--- GIVEN DATA Enclosed Below ---
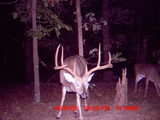 Big Creek 80 -rw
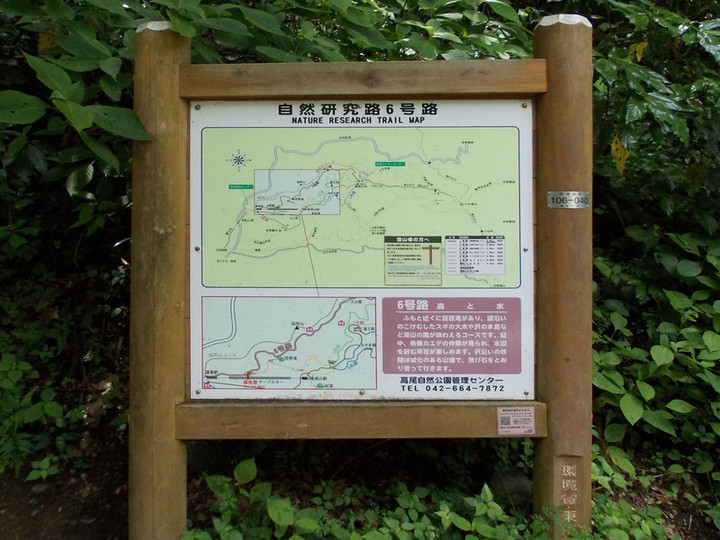 Takao13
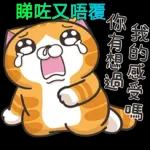 收到，即刻安排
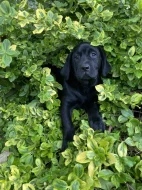 Labradorský retrívr s PP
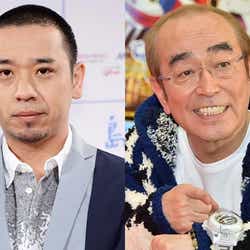 千鳥の画像 写真 ニュース記事一覧 モデルプレス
--- End of Enclosed GIVEN DATA ---
Return each line above exactly; any pictures are to be skipped.

▸ EXERCISE OUTPUT
 Big Creek 80 -rw
 Takao13
 收到，即刻安排
 Labradorský retrívr s PP
 千鳥の画像 写真 ニュース記事一覧 モデルプレス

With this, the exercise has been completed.